EXERCISE INPUTS below:

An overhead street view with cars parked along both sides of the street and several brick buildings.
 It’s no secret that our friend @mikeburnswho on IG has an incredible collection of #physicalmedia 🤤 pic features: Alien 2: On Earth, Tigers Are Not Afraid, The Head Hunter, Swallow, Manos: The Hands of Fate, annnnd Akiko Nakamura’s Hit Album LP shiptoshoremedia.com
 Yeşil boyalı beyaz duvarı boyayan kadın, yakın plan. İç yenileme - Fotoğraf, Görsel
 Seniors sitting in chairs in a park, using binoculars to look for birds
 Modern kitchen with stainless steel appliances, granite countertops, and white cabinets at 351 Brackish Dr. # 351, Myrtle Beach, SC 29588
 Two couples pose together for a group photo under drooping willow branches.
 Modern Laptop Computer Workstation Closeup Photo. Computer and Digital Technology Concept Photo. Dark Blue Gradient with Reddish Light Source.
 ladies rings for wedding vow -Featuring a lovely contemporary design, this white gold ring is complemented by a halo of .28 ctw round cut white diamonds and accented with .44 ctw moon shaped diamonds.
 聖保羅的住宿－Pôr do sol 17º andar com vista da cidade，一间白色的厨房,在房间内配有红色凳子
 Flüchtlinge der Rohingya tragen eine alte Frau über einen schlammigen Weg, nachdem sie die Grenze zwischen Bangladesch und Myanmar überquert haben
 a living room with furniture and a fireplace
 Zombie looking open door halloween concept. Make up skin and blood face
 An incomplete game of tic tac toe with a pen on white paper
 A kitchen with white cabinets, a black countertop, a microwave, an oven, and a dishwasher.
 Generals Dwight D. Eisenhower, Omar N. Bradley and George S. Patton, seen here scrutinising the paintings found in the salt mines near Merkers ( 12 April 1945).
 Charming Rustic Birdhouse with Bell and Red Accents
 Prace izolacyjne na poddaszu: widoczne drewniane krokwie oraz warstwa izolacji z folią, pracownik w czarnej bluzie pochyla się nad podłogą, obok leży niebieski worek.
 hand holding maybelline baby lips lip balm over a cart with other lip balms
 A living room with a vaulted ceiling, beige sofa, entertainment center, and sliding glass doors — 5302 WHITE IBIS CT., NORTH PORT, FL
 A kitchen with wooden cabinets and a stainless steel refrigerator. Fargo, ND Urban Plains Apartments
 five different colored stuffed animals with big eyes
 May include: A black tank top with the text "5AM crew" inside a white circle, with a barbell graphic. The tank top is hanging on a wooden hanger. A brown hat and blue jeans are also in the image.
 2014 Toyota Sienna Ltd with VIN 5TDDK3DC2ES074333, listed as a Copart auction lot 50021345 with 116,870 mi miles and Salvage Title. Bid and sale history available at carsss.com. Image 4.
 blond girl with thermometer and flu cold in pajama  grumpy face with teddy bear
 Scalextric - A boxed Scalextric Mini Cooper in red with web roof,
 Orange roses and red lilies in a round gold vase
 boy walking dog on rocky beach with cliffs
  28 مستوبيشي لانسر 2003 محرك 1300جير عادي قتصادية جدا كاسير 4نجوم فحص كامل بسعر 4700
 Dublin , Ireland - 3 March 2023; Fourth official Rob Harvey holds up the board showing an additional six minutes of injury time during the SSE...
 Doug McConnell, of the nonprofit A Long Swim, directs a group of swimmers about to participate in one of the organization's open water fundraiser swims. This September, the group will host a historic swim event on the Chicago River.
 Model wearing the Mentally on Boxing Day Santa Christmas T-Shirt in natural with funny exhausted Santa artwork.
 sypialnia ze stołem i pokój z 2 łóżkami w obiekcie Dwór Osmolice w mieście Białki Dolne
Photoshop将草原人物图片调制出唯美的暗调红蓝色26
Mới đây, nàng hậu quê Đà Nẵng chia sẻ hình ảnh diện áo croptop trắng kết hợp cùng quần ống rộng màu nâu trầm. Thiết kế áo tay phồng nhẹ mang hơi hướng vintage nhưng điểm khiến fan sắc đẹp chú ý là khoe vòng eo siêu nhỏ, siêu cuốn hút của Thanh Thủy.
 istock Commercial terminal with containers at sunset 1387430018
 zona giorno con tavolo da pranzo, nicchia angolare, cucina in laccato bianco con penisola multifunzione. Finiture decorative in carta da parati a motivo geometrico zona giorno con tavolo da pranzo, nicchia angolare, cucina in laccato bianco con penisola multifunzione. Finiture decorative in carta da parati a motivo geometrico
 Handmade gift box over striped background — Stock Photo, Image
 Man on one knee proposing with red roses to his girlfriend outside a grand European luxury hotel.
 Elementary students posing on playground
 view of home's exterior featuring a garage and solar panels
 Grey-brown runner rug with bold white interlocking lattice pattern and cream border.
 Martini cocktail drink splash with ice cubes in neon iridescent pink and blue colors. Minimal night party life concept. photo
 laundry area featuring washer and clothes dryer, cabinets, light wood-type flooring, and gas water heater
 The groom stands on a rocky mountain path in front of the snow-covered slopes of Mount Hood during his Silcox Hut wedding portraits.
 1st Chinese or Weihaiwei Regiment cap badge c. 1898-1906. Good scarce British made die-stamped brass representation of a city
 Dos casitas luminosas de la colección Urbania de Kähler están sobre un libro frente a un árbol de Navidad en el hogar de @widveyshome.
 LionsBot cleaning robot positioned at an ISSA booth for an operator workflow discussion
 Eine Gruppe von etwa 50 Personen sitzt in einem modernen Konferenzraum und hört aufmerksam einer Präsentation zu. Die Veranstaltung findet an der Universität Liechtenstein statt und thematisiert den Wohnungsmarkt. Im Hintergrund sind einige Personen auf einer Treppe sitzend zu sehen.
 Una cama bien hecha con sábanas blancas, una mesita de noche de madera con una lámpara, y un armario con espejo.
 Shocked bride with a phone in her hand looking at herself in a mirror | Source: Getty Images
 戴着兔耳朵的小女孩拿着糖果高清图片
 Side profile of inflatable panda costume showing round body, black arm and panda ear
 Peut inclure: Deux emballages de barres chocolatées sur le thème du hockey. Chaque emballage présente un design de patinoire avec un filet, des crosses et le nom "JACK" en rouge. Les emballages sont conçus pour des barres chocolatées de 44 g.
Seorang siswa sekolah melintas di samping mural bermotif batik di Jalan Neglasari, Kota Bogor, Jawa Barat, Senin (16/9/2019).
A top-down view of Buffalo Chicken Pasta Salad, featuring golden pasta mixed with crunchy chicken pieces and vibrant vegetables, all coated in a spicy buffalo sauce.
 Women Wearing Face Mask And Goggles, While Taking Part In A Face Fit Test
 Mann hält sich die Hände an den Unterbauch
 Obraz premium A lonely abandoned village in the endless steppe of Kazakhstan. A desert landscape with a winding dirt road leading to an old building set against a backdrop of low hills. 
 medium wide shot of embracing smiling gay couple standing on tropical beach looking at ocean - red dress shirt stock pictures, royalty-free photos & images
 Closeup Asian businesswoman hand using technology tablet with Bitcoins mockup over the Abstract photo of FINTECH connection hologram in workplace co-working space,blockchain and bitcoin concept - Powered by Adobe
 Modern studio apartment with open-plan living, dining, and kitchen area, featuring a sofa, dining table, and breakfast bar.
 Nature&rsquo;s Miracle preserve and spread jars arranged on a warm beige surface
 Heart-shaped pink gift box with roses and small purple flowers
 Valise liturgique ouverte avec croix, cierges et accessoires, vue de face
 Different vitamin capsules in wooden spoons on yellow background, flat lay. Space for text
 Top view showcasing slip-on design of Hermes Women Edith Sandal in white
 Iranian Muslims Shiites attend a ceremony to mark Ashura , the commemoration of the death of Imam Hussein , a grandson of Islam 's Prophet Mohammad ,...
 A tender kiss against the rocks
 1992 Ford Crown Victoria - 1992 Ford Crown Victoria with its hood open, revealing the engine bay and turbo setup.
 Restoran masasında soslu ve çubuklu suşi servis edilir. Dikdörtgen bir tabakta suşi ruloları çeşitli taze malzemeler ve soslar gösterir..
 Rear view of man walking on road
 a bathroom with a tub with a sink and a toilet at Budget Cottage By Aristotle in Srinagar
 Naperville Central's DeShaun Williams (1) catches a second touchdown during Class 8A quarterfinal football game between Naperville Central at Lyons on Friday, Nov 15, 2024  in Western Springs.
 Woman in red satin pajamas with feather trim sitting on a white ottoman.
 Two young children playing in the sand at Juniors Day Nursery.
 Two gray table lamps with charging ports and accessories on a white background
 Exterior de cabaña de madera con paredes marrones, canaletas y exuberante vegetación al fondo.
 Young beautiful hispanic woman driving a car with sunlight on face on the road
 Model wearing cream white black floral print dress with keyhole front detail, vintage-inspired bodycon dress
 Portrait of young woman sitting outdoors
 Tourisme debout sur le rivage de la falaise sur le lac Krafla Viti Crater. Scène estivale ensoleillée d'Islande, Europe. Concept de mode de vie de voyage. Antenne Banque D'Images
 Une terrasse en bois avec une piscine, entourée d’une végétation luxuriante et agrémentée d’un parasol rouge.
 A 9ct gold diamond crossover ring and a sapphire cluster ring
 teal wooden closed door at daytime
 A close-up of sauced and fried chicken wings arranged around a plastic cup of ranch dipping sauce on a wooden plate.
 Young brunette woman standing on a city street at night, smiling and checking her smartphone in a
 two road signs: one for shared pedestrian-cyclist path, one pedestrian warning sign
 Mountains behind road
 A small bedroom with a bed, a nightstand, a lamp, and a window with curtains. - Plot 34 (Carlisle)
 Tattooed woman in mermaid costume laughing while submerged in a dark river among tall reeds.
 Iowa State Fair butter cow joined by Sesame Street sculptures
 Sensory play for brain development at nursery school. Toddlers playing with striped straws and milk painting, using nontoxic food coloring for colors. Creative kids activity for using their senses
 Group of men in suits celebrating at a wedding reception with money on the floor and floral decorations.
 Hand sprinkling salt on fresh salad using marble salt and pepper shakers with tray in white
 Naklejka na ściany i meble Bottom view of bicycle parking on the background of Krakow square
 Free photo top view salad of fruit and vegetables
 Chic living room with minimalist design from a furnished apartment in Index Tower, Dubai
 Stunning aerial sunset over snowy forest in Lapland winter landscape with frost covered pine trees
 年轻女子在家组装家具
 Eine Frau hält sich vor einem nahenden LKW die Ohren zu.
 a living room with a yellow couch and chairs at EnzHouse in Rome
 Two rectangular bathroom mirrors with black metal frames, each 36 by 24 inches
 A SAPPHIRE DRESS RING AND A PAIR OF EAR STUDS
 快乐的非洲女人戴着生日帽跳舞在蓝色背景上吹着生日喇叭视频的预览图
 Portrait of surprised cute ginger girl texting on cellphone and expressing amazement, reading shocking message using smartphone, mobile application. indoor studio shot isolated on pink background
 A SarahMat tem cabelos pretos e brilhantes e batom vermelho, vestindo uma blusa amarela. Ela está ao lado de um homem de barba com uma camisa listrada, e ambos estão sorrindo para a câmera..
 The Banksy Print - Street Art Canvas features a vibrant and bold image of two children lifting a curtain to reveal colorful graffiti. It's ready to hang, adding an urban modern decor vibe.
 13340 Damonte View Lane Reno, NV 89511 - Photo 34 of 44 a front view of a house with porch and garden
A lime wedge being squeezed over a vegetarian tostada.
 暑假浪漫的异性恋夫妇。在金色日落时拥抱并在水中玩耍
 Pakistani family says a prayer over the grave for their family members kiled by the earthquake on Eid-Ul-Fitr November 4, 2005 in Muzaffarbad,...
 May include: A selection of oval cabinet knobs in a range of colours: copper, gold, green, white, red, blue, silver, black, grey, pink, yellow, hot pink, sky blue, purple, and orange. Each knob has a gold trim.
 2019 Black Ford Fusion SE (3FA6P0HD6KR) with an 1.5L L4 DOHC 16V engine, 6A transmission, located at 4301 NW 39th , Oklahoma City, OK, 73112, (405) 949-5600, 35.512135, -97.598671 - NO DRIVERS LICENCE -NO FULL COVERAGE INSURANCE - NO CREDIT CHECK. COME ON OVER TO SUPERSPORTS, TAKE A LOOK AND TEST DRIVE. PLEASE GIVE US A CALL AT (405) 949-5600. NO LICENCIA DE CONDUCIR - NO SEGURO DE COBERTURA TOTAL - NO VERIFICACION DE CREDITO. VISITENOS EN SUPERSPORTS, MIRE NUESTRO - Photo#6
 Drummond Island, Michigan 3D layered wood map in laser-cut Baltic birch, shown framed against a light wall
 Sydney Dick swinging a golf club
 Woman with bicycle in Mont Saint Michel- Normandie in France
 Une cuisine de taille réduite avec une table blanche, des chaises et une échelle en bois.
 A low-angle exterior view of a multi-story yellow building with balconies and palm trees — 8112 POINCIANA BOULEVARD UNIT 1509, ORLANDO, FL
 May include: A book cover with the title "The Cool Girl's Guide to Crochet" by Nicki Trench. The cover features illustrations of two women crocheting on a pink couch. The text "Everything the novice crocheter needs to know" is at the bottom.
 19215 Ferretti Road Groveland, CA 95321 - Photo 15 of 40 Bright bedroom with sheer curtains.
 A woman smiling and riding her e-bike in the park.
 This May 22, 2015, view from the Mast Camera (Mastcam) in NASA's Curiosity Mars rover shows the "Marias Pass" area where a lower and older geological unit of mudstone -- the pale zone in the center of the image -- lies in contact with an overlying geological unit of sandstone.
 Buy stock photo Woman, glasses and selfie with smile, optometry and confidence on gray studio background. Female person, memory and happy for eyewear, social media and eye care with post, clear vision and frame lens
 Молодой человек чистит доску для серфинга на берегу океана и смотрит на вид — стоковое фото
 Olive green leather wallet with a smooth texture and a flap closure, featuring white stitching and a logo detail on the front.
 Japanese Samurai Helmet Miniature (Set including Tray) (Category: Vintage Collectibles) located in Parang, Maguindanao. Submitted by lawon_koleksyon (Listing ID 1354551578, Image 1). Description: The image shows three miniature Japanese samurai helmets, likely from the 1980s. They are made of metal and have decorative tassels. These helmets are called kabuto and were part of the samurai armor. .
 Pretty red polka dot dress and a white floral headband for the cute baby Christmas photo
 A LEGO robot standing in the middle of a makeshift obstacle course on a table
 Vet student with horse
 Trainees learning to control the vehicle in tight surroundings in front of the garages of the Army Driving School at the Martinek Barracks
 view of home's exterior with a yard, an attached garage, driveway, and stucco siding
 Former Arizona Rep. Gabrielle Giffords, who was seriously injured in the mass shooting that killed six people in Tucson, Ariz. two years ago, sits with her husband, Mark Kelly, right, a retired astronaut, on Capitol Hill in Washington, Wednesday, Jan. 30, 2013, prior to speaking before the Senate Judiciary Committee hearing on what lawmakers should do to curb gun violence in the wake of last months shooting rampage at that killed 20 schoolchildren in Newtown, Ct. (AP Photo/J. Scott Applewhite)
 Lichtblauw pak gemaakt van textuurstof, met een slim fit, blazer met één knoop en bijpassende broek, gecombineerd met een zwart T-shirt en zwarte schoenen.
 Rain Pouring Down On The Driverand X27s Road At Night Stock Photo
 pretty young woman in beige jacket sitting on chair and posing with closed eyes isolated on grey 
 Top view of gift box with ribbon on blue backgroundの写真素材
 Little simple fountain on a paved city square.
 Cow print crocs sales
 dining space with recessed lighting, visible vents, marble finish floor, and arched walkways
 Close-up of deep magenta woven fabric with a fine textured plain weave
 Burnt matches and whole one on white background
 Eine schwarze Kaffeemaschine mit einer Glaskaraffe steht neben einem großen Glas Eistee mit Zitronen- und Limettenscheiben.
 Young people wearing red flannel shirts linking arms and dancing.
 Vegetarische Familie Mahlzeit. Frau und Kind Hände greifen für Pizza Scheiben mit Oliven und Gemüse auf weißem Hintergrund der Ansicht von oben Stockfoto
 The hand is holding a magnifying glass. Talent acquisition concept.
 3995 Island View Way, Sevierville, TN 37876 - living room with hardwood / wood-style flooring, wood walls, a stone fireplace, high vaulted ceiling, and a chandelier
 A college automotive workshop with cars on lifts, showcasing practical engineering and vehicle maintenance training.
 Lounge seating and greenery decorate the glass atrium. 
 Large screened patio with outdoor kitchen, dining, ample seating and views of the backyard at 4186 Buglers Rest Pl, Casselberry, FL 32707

End of EXERCISE INPUTS.

** EXERCISE **
Find the lines in the records that contain the word "vibrant", then copy every one of them.

** TASK OUTPUT **
A top-down view of Buffalo Chicken Pasta Salad, featuring golden pasta mixed with crunchy chicken pieces and vibrant vegetables, all coated in a spicy buffalo sauce.
 The Banksy Print - Street Art Canvas features a vibrant and bold image of two children lifting a curtain to reveal colorful graffiti. It's ready to hang, adding an urban modern decor vibe.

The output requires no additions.